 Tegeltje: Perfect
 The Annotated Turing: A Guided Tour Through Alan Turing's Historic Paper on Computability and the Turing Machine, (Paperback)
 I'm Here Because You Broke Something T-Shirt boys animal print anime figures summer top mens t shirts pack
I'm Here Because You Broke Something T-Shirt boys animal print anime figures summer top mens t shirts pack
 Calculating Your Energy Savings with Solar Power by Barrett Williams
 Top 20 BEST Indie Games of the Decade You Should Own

...

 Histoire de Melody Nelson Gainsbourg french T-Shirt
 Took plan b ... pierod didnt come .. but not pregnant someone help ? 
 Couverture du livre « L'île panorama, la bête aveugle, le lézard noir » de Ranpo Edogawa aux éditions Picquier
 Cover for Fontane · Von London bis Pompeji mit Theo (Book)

What this task involves.
What lines in the data above contain the word "Because"? Copy them all.

Output for this task.
 I'm Here Because You Broke Something T-Shirt boys animal print anime figures summer top mens t shirts pack
I'm Here Because You Broke Something T-Shirt boys animal print anime figures summer top mens t shirts pack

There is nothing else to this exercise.